╭──

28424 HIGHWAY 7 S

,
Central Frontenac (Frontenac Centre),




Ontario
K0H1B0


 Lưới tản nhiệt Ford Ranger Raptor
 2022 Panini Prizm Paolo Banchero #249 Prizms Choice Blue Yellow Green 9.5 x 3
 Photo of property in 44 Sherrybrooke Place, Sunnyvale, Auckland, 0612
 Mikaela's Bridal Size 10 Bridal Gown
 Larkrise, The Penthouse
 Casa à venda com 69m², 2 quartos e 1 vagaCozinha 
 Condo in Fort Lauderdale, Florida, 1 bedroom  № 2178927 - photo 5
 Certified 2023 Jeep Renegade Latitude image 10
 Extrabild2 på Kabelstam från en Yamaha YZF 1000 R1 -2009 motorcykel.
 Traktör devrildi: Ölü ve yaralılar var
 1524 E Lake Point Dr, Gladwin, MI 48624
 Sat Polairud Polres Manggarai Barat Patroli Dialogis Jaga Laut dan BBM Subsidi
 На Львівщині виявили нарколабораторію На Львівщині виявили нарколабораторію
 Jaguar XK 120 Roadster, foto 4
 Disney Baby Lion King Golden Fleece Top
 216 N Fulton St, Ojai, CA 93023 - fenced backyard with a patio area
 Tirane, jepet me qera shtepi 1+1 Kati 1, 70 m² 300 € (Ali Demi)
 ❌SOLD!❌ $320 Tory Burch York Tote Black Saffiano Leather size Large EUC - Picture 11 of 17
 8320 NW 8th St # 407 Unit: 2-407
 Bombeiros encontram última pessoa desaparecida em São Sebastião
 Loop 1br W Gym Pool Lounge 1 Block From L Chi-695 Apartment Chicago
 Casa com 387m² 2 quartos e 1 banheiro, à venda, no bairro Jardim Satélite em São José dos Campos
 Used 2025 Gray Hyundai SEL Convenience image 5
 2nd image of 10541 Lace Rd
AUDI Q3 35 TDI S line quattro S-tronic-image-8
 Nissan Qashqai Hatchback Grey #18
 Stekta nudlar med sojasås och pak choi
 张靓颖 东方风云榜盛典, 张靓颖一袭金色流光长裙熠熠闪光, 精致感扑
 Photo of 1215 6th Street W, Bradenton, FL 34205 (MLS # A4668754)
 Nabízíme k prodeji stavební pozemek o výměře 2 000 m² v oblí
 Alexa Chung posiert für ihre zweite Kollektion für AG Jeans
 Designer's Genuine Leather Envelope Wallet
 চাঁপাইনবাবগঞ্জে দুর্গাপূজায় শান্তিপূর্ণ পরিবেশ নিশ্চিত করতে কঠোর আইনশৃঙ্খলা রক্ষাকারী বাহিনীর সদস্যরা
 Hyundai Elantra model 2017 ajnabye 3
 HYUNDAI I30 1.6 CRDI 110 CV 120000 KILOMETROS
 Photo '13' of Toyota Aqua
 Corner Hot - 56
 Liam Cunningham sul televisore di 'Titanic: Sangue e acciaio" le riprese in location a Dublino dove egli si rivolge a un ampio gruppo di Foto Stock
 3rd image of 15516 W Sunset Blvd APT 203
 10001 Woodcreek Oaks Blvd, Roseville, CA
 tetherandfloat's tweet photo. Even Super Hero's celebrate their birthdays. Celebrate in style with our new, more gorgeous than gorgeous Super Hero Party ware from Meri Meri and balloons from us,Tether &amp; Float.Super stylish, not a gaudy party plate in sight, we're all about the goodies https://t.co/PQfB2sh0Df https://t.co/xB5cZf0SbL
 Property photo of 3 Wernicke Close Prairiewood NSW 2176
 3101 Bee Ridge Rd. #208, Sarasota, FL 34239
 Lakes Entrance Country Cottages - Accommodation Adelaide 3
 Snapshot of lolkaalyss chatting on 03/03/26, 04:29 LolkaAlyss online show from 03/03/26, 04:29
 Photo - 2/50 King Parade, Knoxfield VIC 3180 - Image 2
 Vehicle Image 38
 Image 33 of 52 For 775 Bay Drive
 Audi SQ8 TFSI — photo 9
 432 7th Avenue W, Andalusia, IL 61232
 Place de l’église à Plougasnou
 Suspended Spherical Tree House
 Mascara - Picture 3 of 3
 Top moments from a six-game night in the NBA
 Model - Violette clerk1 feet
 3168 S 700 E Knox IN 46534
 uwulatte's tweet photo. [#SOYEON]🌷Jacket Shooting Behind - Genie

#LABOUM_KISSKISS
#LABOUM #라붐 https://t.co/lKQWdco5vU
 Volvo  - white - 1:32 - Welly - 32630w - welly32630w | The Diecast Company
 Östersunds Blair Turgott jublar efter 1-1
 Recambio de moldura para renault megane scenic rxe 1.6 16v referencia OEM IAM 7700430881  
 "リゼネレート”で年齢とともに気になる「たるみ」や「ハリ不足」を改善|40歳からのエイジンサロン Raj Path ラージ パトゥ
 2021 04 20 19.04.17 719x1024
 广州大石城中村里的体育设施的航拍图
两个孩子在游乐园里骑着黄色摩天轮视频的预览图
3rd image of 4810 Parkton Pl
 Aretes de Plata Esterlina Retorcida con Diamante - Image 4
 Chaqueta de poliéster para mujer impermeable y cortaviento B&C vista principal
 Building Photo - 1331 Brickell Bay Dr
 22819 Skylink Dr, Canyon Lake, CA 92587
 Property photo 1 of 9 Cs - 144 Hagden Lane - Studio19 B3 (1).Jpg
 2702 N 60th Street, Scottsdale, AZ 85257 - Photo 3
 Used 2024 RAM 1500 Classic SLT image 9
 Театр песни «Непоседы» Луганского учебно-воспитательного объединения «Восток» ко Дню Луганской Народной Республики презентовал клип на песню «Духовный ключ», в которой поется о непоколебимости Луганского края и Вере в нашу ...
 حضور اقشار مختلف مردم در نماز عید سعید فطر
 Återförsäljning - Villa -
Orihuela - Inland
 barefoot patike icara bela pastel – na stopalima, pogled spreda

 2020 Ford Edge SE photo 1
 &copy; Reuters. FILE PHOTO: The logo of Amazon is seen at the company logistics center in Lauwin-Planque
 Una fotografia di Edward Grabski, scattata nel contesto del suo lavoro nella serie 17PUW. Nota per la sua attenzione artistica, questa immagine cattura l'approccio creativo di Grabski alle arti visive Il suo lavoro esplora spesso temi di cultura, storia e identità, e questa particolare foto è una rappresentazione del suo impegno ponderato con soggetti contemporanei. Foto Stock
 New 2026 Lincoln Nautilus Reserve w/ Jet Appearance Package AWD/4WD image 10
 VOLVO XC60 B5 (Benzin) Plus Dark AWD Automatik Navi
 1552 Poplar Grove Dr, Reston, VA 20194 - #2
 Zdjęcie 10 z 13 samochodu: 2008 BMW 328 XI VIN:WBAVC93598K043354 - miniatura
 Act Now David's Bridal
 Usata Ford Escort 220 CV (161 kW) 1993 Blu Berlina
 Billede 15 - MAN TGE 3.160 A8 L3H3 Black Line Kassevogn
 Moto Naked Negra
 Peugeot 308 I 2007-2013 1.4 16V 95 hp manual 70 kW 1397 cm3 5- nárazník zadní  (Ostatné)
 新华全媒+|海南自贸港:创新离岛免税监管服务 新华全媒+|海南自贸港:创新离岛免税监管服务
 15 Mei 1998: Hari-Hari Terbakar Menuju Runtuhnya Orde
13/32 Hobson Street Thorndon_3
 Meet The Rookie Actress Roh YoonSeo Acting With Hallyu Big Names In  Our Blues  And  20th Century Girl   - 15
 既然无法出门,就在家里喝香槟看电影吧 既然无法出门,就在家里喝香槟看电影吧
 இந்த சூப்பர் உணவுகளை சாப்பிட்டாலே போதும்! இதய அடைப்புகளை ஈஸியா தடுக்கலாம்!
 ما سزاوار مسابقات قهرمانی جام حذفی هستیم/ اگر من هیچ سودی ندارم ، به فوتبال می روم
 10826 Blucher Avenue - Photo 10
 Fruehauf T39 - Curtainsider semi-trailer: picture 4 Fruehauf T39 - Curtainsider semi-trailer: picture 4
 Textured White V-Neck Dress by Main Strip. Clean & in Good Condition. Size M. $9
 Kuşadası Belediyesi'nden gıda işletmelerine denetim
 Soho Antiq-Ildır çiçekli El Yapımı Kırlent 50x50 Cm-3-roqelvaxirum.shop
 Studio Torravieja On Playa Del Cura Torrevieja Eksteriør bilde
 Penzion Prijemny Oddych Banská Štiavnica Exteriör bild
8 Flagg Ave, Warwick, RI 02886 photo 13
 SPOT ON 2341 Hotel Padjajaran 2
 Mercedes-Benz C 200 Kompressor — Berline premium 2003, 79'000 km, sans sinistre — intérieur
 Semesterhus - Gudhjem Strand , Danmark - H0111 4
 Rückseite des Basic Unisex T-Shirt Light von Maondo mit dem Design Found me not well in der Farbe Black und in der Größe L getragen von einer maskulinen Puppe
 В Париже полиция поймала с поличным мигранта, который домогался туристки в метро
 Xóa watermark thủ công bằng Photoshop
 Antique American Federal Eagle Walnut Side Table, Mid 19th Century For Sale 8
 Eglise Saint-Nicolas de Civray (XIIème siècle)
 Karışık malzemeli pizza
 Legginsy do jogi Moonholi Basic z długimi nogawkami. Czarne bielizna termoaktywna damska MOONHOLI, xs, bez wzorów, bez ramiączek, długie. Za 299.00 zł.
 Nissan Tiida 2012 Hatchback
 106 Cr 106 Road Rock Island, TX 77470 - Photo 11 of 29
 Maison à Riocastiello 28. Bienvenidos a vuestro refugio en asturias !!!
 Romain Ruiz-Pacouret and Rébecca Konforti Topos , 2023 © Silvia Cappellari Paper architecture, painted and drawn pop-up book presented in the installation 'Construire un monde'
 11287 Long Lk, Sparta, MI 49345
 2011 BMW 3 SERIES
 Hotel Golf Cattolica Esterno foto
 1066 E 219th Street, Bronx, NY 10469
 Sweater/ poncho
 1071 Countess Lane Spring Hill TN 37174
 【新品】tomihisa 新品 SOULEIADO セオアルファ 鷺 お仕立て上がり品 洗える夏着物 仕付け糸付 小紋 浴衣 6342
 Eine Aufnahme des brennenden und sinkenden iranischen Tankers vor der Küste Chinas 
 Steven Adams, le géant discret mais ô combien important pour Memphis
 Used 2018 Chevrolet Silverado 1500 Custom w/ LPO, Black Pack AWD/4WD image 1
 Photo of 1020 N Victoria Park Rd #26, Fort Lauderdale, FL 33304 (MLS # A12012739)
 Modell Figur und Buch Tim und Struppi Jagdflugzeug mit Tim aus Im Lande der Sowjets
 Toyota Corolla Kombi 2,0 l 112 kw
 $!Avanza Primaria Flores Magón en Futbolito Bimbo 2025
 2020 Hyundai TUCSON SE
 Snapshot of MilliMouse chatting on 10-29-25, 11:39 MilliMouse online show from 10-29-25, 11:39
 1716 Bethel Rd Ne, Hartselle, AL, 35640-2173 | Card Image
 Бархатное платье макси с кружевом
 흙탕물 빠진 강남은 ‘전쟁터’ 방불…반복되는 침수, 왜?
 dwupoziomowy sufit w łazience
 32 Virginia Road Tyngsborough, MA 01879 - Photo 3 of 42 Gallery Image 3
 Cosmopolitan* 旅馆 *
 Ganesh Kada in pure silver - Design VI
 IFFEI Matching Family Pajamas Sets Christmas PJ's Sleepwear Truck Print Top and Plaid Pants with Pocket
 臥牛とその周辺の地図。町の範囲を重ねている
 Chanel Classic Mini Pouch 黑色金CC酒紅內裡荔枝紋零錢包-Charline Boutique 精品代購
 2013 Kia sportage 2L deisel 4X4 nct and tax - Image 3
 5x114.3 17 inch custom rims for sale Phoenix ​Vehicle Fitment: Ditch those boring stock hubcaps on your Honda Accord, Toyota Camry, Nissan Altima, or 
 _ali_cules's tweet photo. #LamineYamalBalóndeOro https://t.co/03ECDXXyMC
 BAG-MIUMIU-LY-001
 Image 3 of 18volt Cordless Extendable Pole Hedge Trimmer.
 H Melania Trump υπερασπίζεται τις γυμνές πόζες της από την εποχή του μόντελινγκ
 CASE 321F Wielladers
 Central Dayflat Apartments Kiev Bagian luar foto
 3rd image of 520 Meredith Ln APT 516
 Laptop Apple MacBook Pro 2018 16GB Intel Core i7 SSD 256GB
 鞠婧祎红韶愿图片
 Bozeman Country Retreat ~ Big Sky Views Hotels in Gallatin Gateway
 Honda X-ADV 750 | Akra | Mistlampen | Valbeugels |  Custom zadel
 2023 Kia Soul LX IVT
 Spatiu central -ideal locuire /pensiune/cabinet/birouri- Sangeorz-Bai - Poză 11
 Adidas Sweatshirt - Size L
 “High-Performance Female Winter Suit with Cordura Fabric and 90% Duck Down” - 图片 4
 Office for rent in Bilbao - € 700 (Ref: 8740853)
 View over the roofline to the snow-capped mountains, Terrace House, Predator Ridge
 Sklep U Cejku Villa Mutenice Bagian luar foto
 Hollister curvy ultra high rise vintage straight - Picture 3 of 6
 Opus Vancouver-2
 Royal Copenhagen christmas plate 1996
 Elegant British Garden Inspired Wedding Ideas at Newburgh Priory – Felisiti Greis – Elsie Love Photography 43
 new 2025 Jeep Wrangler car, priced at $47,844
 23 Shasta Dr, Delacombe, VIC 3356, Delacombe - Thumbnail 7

╰──

ABOUT THIS TASK => Write down, word for word, the lines above from the one containing "Female Winter Suit" through the one containing "Royal Copenhagen christmas plate 1996", both ends included.

SOLUTION FOR THIS TASK =>
 “High-Performance Female Winter Suit with Cordura Fabric and 90% Duck Down” - 图片 4
 Office for rent in Bilbao - € 700 (Ref: 8740853)
 View over the roofline to the snow-capped mountains, Terrace House, Predator Ridge
 Sklep U Cejku Villa Mutenice Bagian luar foto
 Hollister curvy ultra high rise vintage straight - Picture 3 of 6
 Opus Vancouver-2
 Royal Copenhagen christmas plate 1996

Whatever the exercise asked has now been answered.